One of the reasons that the shipwreck led to such loss of life was that there were not enough lifeboats for the passengers and crew. Although there was some element of luck involved in surviving the sinking, some groups of people were more likely to survive than others, such as women, children, and the upper-class.
In this challenge, we ask you to complete the analysis of what sorts of people were likely to survive. In particular, we ask you to apply the tools of machine learning to predict which passengers survived the tragedy.

Titanic: Machine Learning from Disaster

import csv
import numpy as np
import pandas as pd
import pylab as p
%matplotlib inline  
train = pd.read_csv('train.csv', header = 0)
test = pd.read_csv('test.csv', header = 0)
train.info()
<class 'pandas.core.frame.DataFrame'>
Int64Index: 891 entries, 0 to 890
Data columns (total 12 columns):
PassengerId    891 non-null int64
Survived       891 non-null int64
Pclass         891 non-null int64
Name           891 non-null object
Sex            891 non-null object
Age            714 non-null float64
SibSp          891 non-null int64
Parch          891 non-null int64
Ticket         891 non-null object
Fare           891 non-null float64
Cabin          204 non-null object
Embarked       889 non-null object
dtypes: float64(2), int64(5), object(5)
memory usage: 90.5+ KB

From the info output, we could see that there were null values in the Age, Cabin and Embarked features. The majority of the values in Cabin feature were null and I felt the values were hard to interpret anyways so I decided to not include it in the model. There were also a few missing values in the Age and Embarked features, which would be imputed later.

train.head()
PassengerId Survived Pclass Name Sex Age SibSp Parch Ticket Fare Cabin Embarked
0 1 0 3 Braund, Mr. Owen Harris male 22 1 0 A/5 21171 7.2500 NaN S
1 2 1 1 Cumings, Mrs. John Bradley (Florence Briggs Th... female 38 1 0 PC 17599 71.2833 C85 C
2 3 1 3 Heikkinen, Miss. Laina female 26 0 0 STON/O2. 3101282 7.9250 NaN S
3 4 1 1 Futrelle, Mrs. Jacques Heath (Lily May Peel) female 35 1 0 113803 53.1000 C123 S
4 5 0 3 Allen, Mr. William Henry male 35 0 0 373450 8.0500 NaN S
train[train['Age'].isnull()].head()
PassengerId Survived Pclass Name Sex Age SibSp Parch Ticket Fare Cabin Embarked
5 6 0 3 Moran, Mr. James male NaN 0 0 330877 8.4583 NaN Q
17 18 1 2 Williams, Mr. Charles Eugene male NaN 0 0 244373 13.0000 NaN S
19 20 1 3 Masselmani, Mrs. Fatima female NaN 0 0 2649 7.2250 NaN C
26 27 0 3 Emir, Mr. Farred Chehab male NaN 0 0 2631 7.2250 NaN C
28 29 1 3 O'Dwyer, Miss. Ellen "Nellie" female NaN 0 0 330959 7.8792 NaN Q
train[train['Embarked'].isnull()]
PassengerId Survived Pclass Name Sex Age SibSp Parch Ticket Fare Cabin Embarked
61 62 1 1 Icard, Miss. Amelie female 38 0 0 113572 80 B28 NaN
829 830 1 1 Stone, Mrs. George Nelson (Martha Evelyn) female 62 0 0 113572 80 B28 NaN

So, let’s dive deeper into the data and see if we could understand which features were more important for our model. The competition summary hinted that some groups of people were more likely to survive than others, such as women, children, and the upper-class. The obvious predicators in the data for women and children is sex and age. The Pclass predicator should be a direct representation of a passenger’s socio-economic status. The Fare predicator might also indicates if a passenger was upper-class.

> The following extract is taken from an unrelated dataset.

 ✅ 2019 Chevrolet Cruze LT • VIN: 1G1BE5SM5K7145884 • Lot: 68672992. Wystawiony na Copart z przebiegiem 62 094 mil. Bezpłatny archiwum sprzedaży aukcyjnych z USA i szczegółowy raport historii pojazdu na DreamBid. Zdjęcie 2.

fig, axes = p.subplots(nrows=2, ncols=2, figsize=(15,10))
#compare male and female survival rate
male_female1 = pd.DataFrame({'Male':train[train['Sex'] == 'male']['Survived'].value_counts(),
                             'Female':train[train['Sex'] == 'female']['Survived'].value_counts()}, columns = ['Male','Female'])
male_female1.plot(kind = 'bar', title='Male and Female Survival Comparison 1', alpha = 0.3, stacked = True, ax=axes[0,0])

male_female2 = pd.DataFrame({'Survived':train[train['Survived'] == 1]['Sex'].value_counts(),
                             'Died':train[train['Survived'] == 0]['Sex'].value_counts()}, columns = ['Survived','Died'])
male_female2.plot(kind = 'bar', title='Male and Female Survival Comparison 2', alpha = 0.3, stacked = True, ax=axes[0,1])

#compare male and female survival rate across different age groups
male_survived_age = pd.DataFrame({'Survived':train[(train['Sex'] == 'male') & (train['Survived'] == 1)]['Age'],
                                  'Died':train[(train['Sex'] == 'male') & (train['Survived'] == 0)]['Age']}, columns = ['Survived','Died'])
male_survived_age.plot(kind = 'hist', title='Male Survival Age Histogram', alpha = 0.3, stacked = True, ax=axes[1,0])

female_survived_age = pd.DataFrame({'Survived':train[(train['Sex'] == 'female') & (train['Survived'] == 1)]['Age'],
                                    'Died':train[(train['Sex'] == 'female') & (train['Survived'] == 0)]['Age']}, columns = ['Survived','Died'])
female_survived_age.plot(kind = 'hist', title='Female Survival Age Histogram', alpha = 0.3, stacked = True, ax=axes[1,1])

png

The first two plots showed that females had a significantly higher chance of survival compared with males, thanks to the “women and children first” maxim. Kudos to the gallant gentlemen who sacrificed themselves for the lives of the women and children. As we could see from the male survival histogram, male had a uniformly low survival rate across all age groups. It was noteworthy that the age group with the highest male survival rate was 0 - 10 years old, aka children, and elderly females almost all survived.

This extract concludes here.